Besprochen werden eine "grandiose wie erschreckende" Ausstellung der Fotokünstlerin Cindy Sherman im Berliner Martin-Gropius-Bau, eine "angemessene" Hommage an den Dichter Wolfgang Bauer im Grazer Stadtmuseum und Literaturhaus und Bücher, darunter Hilary Spurlings "differenzierte" Biografie von "Henri Matisse".

FAZ, 06.07.2007

Warum sprechen deutsche Wissenschaftler sogar auf Konferenzen in Deutschland Englisch? Der Biophysiker und Autor Stefan Klein findet das gefährlich: "... wie wollen sie Verständnis in einer Gesellschaft finden, mit der sie nicht einmal mehr die Sprache verbindet? Und werden wir bald auf Deutsch überhaupt nicht mehr über neue Forschungsergebnisse sprechen können, weil uns die Worte fehlen? Die Gesellschaft droht sich zu spalten zwischen den Nutzern einer Elitesprache und all den anderen, an denen die aktuellen Entwicklungen vorübergehen. Ob Deutsch eine Wissenschaftssprache bleibt oder nicht, ist darum keine Frage des Nationalstolzes. Es geht um viel mehr: um die Demokratie."

Weitere Artikel: Necla Kelek hofft, dass sich die Integrationsbeauftragte Maria Böhmer nicht von den türkischen Verbänden in Deutschland beeindrucken lässt, die gegen eine geplante Heraufsetzung des Zuzugsalters bei Familienzusammenführungen von sechzehn auf achtzehn Jahre protestieren. Eduard Beaucamp denkt anlässlich der documenta über das Geschick der Moderne nach, "noch in der Vergreisung Pubertät" vorzutäuschen. Wolfgang Schneider war dabei, als in Berlin-Moabit die Thomas-Mann-Büste enthüllt wurde. Andreas Kilb besucht das Restaurant "Peking-Ente" in der Berliner Voßstraße, weil dort kürzlich Barbra Streisand speiste. Jürgen Kesting gratuliert der Altistin Elena Obraszowa zum Siebzigsten, Eleonore Büning dem Pianisten Vladimir Ashkenazy ebenfalls zum Siebzigsten.

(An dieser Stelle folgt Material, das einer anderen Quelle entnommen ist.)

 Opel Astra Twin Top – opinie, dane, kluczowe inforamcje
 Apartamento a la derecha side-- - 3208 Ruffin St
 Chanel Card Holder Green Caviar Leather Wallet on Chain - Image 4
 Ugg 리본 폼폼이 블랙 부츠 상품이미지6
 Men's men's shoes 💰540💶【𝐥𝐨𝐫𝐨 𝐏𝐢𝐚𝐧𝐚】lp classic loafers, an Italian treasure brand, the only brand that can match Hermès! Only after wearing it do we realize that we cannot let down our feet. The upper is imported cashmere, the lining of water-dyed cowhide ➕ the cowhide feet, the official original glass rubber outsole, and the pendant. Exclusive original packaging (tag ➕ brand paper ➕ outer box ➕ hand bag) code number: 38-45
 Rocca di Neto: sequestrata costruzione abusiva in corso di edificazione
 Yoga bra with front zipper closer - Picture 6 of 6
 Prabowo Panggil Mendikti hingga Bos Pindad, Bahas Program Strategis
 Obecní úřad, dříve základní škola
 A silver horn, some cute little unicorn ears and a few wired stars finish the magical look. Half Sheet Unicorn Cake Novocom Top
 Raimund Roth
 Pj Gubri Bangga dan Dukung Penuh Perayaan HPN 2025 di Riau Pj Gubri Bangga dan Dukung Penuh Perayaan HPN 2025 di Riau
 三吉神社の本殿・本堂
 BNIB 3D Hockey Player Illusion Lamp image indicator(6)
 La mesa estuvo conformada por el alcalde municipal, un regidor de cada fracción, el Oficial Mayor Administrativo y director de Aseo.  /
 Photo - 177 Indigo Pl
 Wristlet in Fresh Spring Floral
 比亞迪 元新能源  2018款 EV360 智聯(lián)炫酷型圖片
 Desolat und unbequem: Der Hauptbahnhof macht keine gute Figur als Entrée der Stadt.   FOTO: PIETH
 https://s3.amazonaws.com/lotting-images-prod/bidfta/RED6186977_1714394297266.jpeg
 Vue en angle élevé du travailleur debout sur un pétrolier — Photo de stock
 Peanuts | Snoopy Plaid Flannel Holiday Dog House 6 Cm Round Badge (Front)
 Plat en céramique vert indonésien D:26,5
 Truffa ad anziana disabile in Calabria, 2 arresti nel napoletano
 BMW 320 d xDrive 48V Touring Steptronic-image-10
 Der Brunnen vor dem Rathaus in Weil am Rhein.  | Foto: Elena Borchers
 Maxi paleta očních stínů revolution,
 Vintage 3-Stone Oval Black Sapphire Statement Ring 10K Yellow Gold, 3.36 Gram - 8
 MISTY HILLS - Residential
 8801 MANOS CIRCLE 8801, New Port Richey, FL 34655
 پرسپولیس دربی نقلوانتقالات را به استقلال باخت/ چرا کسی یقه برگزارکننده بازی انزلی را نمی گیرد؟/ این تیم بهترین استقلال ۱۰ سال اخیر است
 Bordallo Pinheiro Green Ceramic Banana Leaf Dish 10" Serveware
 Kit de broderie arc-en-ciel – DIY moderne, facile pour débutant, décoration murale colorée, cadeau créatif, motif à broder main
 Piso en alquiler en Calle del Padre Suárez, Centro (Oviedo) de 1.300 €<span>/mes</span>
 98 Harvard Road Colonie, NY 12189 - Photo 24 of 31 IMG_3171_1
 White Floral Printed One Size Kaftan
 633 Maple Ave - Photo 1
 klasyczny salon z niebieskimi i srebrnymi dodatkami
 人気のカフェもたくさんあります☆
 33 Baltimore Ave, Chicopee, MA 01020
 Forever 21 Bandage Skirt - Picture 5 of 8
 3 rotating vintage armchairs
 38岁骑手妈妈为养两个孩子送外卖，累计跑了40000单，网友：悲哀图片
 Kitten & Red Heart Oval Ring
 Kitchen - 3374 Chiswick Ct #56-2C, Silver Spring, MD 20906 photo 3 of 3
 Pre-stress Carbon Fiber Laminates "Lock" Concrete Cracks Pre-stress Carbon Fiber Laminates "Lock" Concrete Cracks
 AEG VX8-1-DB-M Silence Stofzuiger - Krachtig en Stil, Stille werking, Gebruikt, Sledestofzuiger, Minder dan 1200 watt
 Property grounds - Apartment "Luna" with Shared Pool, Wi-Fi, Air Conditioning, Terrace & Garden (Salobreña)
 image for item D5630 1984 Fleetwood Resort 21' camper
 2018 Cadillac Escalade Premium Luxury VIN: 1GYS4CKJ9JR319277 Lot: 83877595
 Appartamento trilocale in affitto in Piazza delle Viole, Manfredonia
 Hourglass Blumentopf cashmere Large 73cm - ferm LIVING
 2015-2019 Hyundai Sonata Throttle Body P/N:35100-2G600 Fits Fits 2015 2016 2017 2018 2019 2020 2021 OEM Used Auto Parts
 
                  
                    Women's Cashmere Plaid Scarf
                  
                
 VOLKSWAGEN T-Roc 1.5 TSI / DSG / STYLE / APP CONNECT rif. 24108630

Auf der letzten Seite porträtiert Thomas Wagner den vermutlich neuen Direktor des Bonner Kunstmuseums, Stephan Berg. Der amerikanische Wissenschaftler Jared Diamond erklärt im Interview: "Wenn wir die großen Umweltthemen nicht lösen, sind wir erledigt." Auf der Seite 1 der FAZ drückt Patrick Bahners seine Genugtuung darüber aus, dass der "von den kommunistischen Barbaren geschaffene historische Zustand" des Berliner Schlossplatzes einem Fassaden-Nachbau des historischen Schlüter-Schlosses weichen muss.

Besprochen werden die Ausstellung "Im Zeichen des Goldenen Greifen" im Martin-Gropius-Bau in Berlin, eine Ausstellung mit Werken des Malers Emilio Vedova auf der Laguneninsel Sant'Erasmo (mehr hier) und Bücher, darunter ein Fotoband zur russischen Avantgarde-Architektur und ein bislang nur auf Englisch erschienenes Buch von Sylviane A. Diouf über die Geschichte der Africatown-Sklaven.